The writer is god, in one sense. Only, god has been locked out of the room leading to total chaos. Each small change necessitates a series of other changes and seeing as this is all being done live and on the hoof, no one is quite thinking through the implications of each decision. When the actor playing “Mary Jane’s” love interest suddenly goes off book and declares his name is “Donald McDonald” (inspired by left over fast food cartons) and he’s a pilot not a fisherman as agreed (though why would a fisherman be in the mountains of Chicago anyway?), everything goes completely haywire eventually ending up in an outer space based love crisis!

If all this wasn’t enough, someone has also wandered off with the key to the sound effects machine which would be fine if they hadn’t added all the gangster shenanigans in the first place. The show’s producer, Ushijima (Masahiko Nishimura), explains to Miyako at one point that radio has a very important advantage over visual media as you really can do anything even on no budget because your biggest resource is your audience’s imaginations. He has a very real point, though the completely bizarre saga of “sexy female lawyer” Mary Jane, her “Nasa Pilot” (a quick save after “Donald’s” plane is reported missing and someone remembers this slot is sponsored by an airline) true love, and her husband who for some reason is a random German named Heinrich is going to require a significant suspension of disbelief from the confused listeners at home.

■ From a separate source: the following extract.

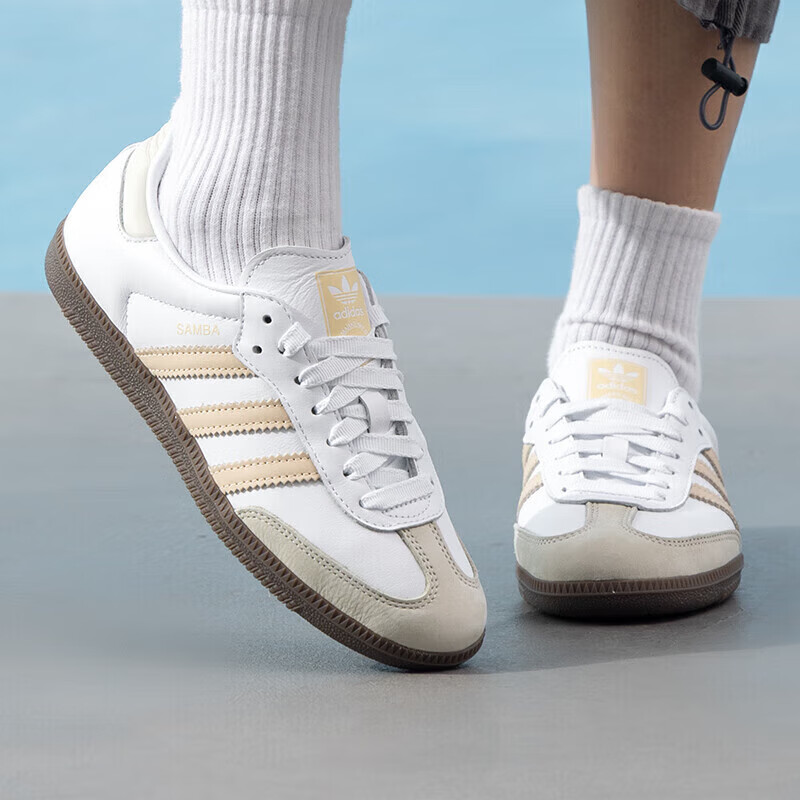 阿迪达斯（adidas）三叶草女鞋新款运动鞋轻便舒适时尚潮流休闲鞋JH7300 ZP高清大图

As a theatre practitioner Mitani is an expert at creating ensemble comedy and even though he is playing with a large cast and a fast moving environment each of his characters is extremely well drawn. We see the shy writer beginning to lose heart after her story is shredded by the unforgiving production environment whilst also trying to persuade her husband who has turned up unexpectedly to go home before he figures out her script is suspiciously close to their real lives. We also see the production team frantically trying to fulfil their obligations so they can avoid getting into trouble with the higher ups and finally go home for the day. Ushijima is caught in the middle, surrounded by nonchalant yes men and lazy bosses, he’s desperately trying to compromise to keep everything on schedule whereas the jaded director just wants to do his job as written. However, it’s the director who is ultimately most moved by Miyako’s script and eventually decides it does deserve the happy ending that Miyako has been longing for.

By the end of the recording, something of the old magic has returned to the otherwise work-a-day world of the radio studio. They’ve even brought back old fashioned foley effects and retrieved the old school sound guy who’d been relegated to playing his gameboy in the security booth because no one needed his expertise anymore. Nothing went as planned, but everything worked out in the end and it’s happy endings all round both in the real world and in the completely surreal radio play. They might even do a sequel!

Mitani breaks the action every now and then to take us outside of the studio environment and into the cab of a petrol tanker being driven by a strangely dressed trucker (in a brief cameo from Ken Watanabe, no less!) who keeps trying to change the channel for more country influenced Enka but finds himself enthralled by the strange tale of the true love between Mary Jane and Donald mcDonald. We might not be quite as moved as he is, having been party to all the backstage goings on, but we have perhaps laughed more than cried through the almost screwball comedy and farcical set up of Mitani’s spot on depiction of the less than glamorous workings of the fast paced live production environment.